Esa fue la respuesta que Marlene Spesso y su hijo Ian Moche – un niño de 11 años con autismo, reconocido por su activismo y compromiso con la concientización – recibieron durante una reunión con el titular de la Agencia Nacional de Discapacidad (ANDIS), Diego Spagnuolo.

Lo que allí ocurrió no puede analizarse sólo como un error individual o una mala elección de palabras. Es necesario entenderlo en un contexto más amplio, en el que ciertos discursos parecen habilitar la deshumanización de quienes viven con alguna discapacidad.

Cuando desde un organismo público se emite una respuesta de ese tenor, el mensaje excede lo personal y se convierte en una señal política e institucional. Marca una línea. Una que puede poner en riesgo los consensos construidos en materia de derechos y de políticas de inclusión.

En una sociedad democrática, la diferencia – sea física, cognitiva, sensorial o psicosocial – no debe ser vista como una carga, sino como parte constitutiva de la diversidad humana. El Estado, en tanto garante de derechos, tiene la responsabilidad de construir las condiciones para que todas las personas puedan vivir con dignidad, sin barreras ni discriminación.

Negar esta responsabilidad o relativizarla no sólo afecta a quienes viven con una discapacidad, sino que deteriora la base ética sobre la que se sostiene toda política pública orientada al bien común.

La frase en cuestión no puede analizarse desligada de otras medidas o discursos que, directa o indirectamente, han puesto en cuestión la legitimidad de las pensiones, los apoyos y los programas destinados a este colectivo.

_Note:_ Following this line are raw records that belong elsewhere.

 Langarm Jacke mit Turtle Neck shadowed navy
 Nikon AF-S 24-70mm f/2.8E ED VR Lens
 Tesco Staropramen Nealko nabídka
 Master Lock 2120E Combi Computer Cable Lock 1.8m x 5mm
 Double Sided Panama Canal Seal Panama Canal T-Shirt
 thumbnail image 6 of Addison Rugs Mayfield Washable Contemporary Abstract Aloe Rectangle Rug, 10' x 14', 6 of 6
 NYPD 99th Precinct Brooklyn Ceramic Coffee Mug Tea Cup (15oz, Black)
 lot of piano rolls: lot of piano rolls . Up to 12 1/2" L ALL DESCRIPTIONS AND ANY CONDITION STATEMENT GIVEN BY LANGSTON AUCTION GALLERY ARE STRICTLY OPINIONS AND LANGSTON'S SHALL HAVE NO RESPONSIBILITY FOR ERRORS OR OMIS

En este marco, las palabras importan. Y mucho más cuando provienen de quienes ocupan cargos de responsabilidad institucional. No se trata de evitar polémicas ni de cuidar las formas por conveniencia. Se trata de ejercer el rol público con la conciencia de que cada palabra puede habilitar o clausurar derechos, abrir caminos o reforzar estigmas.

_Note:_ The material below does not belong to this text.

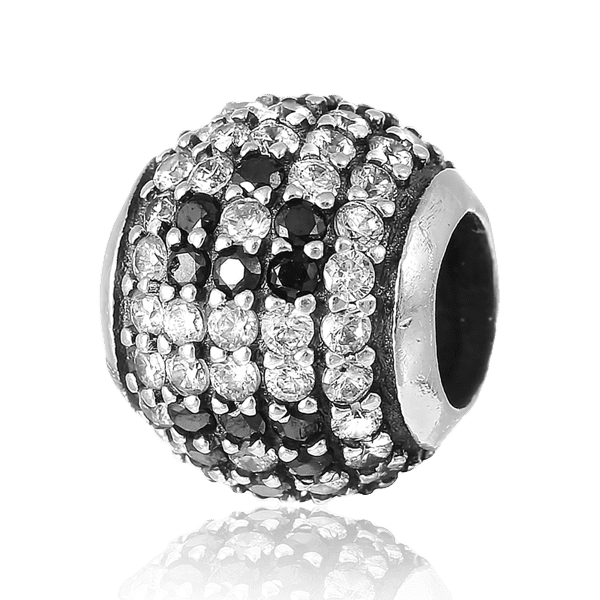 Серебряный подвес-шарм Бусинка с фианитом 024988 детальное изображение ювелирного изделия Серебряные подвесы-шармы (бусины) Серебряный подвес-шарм Бусинка с фианитом 024988 детальное изображение ювелирного изделия Серебряные подвесы-шармы (бусины)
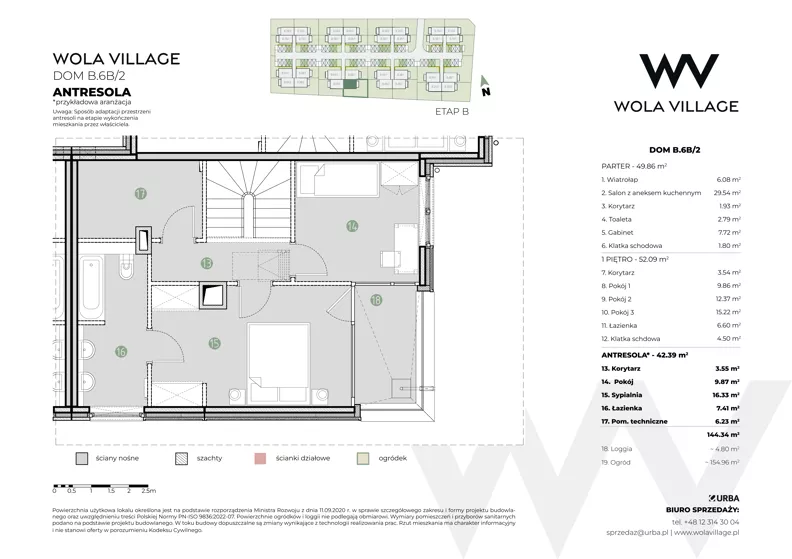 Dom 101,95 m², oferta nr B.6B/2, Wola Village, Kraków, Zwierzyniec, Wola Justowska, ul. Podłużna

Ian no está solo. Su voz es la de muchos niños, niñas y adolescentes que enfrentan obstáculos cotidianos para ejercer sus derechos. Cuando se los desacredita o se los minimiza, se pierde una oportunidad valiosa de construir una sociedad más empática, más equitativa, más justa.

No se trata de privilegios. Se trata de derechos. De los mismos derechos que están consagrados en nuestra Constitución, en tratados internacionales, y en una larga historia de luchas colectivas. Derechos que el Estado tiene el deber de respetar, proteger y garantizar.

Por eso, lo sucedido no puede ni debe ser minimizado. No sólo por lo que representa en términos simbólicos, sino porque pone en tensión el modelo de sociedad que se desea construir. Una sociedad que aspire a ser verdaderamente inclusiva no puede permitirse normalizar la crueldad, ni volver tolerable el desprecio.

Porque si una frase así puede ser dirigida a un niño, sin consecuencias, entonces es necesario detenerse, revisar, y volver a empezar. No por corrección política, sino por responsabilidad ética.